Dan could no longer meet his own gaze in the mirror. He looked instead to the rust-stained bowl of his sink and twisted the knob to turn on the water. In the coldest possible spray, he scrubbed until he felt breathless. With a towel pressed to his face, he slumped down on the toilet seat.
Everything was off tonight, his whole life turned upside-down. It was as if the interior landscape of his grief and fear distorted the mundane world around him. The unpleasant realities he had become immured to were suddenly intolerable.
His head pounded and his eyes burned, but Dan did not cry. He would not cry. Grace needed him. He had to keep going for her sake. He had let Marilyn down, failed to protect her from the monster that sapped her vitality. He couldn’t stand it if he blew it again.
There was a shuffle outside the bathroom door, and a fast, hard tapping. “You okay in there?” Christine asked from the other side of the door.
“Suck it up, Dan,” he said to himself, and stood. Aloud, he answered, “Fine.”
“Then get out here.”
A narrow silver band sat on the counter above the sink, just where he left it when he went to work. He slipped the cold weight onto his finger. With the towel draped over his shoulders, Dan joined Christine in the kitchen. It felt strange to be bare-faced, wearing men’s clothes and his own hair. He could see her pale eyes roving, taking in the details of his altered appearance. As for Christine, she had completed her transformation from glittering performer into everyday citizen by putting on a pair of blue jeans and tucking in the tails of her shirt.
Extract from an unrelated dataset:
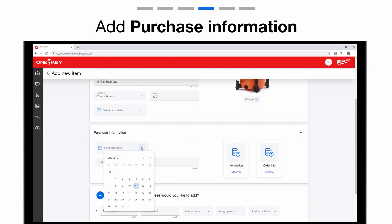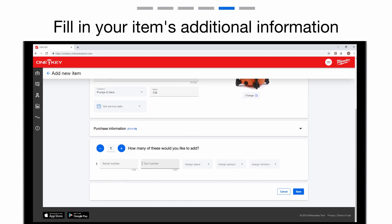Under Purchase Information, you can add a purchase date, purchase location, and upload your itemization and your order info. If you purchased more than one of these items, you have the choice to add multiple at once here.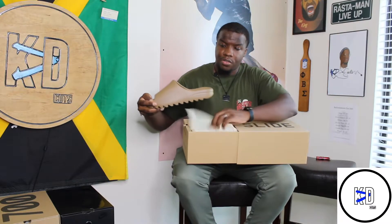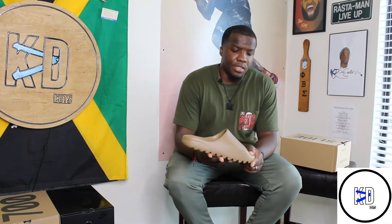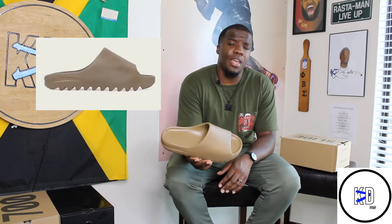And I really like these. If you guys don't know, the Yeezy slides are made out of EVA foam — it's very cozy and comfortable. I've heard great things about these. People really didn't like the core colorway because it was very similar to the colorway that previously came out in the last Yeezy slide release, which is the earth tone.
Her pale hair was pulled into a long braid, neat and tight.
She must have gone through his cupboards, because a pair of plastic juice glasses sat on the rickety card table in the kitchen. Ice glinted within them. An elderly folding chair creaked as Dan sat down. Christine casually drew a flask from her hip pocket and poured an amber liquid into one of the cups.
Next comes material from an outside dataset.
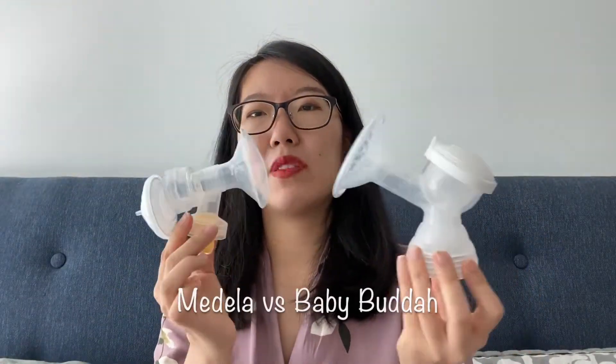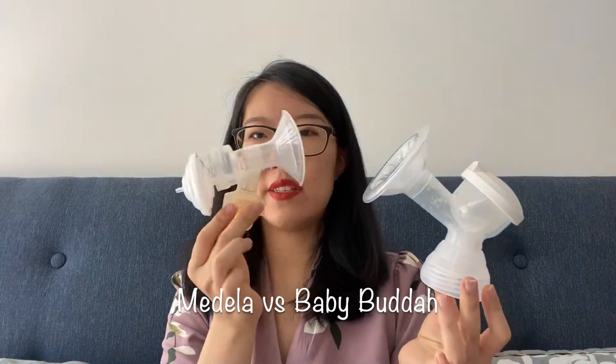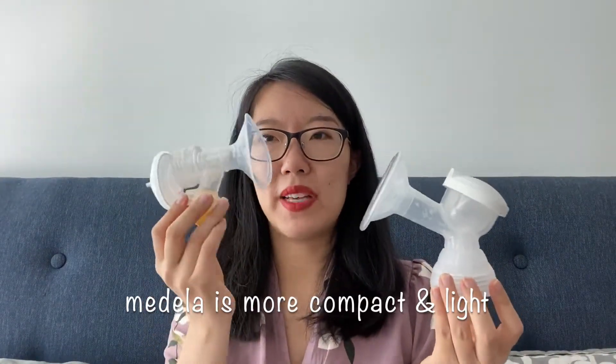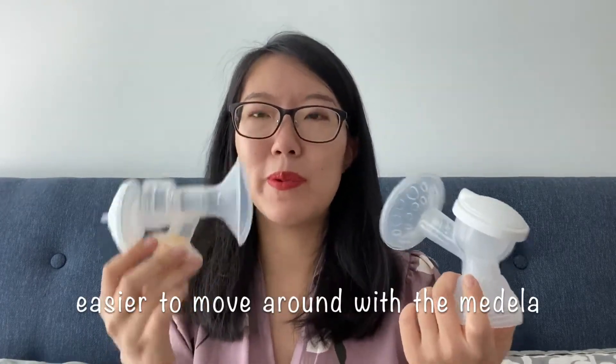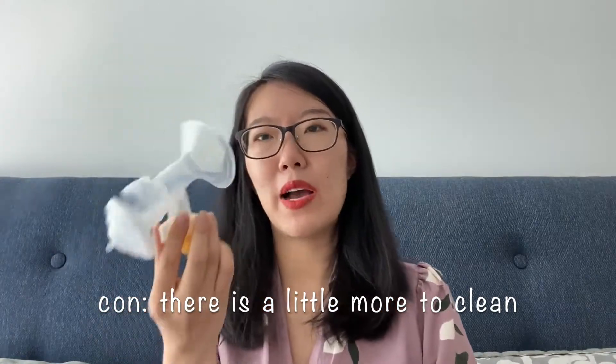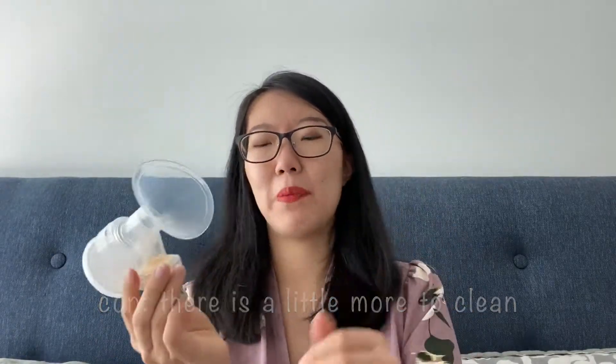In comparison, the Medela and Baby Buddha pump accessory — you can see the Medela is a lot more compact and a lot lighter than the pump accessory that Baby Buddha comes with. There is a difference when I put it on — it's a little bit easier to move around with Medela. With the extra backflow protector there are more parts to clean, but overall I do prefer Medela because it's more compact.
“Want some?” she offered crisply.
“No thanks.” He pushed the glass away.
Since Marilyn died, Dan was no stranger to drink. But being a cross-dresser meant never losing self-control, so he also had a good sense for when not to drink. Besides, his stomach still felt sour. Across the table, pale eyes narrowed.
“So this is it,” Christine said in the same flat, unfriendly drawl she had used earlier.
“What is what?” he asked.
“This is it,” she repeated. “The monster wins. You take the life link, it eats you up and makes more monsters. Then you die. The end.”
Dan stared at his left hand, where the dark sigil branded him as the Gellboar’s meat. He covered the mark with his right hand.
“It’s not the end.”
“Then what?” she demanded.
Dan shut his lips firmly. From his bedroom window he had seen the red glare of a neon sign, a brewer’s logo of fire. The sign stood in the heart of an alien enclave called Styggold. It was only about ten blocks away, an easy walk for the Gellboar. Trains ran night and day from Styggold Station, so it was too late to find his enemy there. She could be anywhere by now, and the life link would operate no matter where she went.
But, Dan thought with dark satisfaction, the Gellboar had accepted the contract without seeing that he’d added a clause. That meant this link wasn’t limited just to psais. Dan could cast any spell he wanted through the link, and the Gellboar’s magical defenses would not protect it. He just needed time to think up a fitting punishment for all it had done. One curse might not be enough.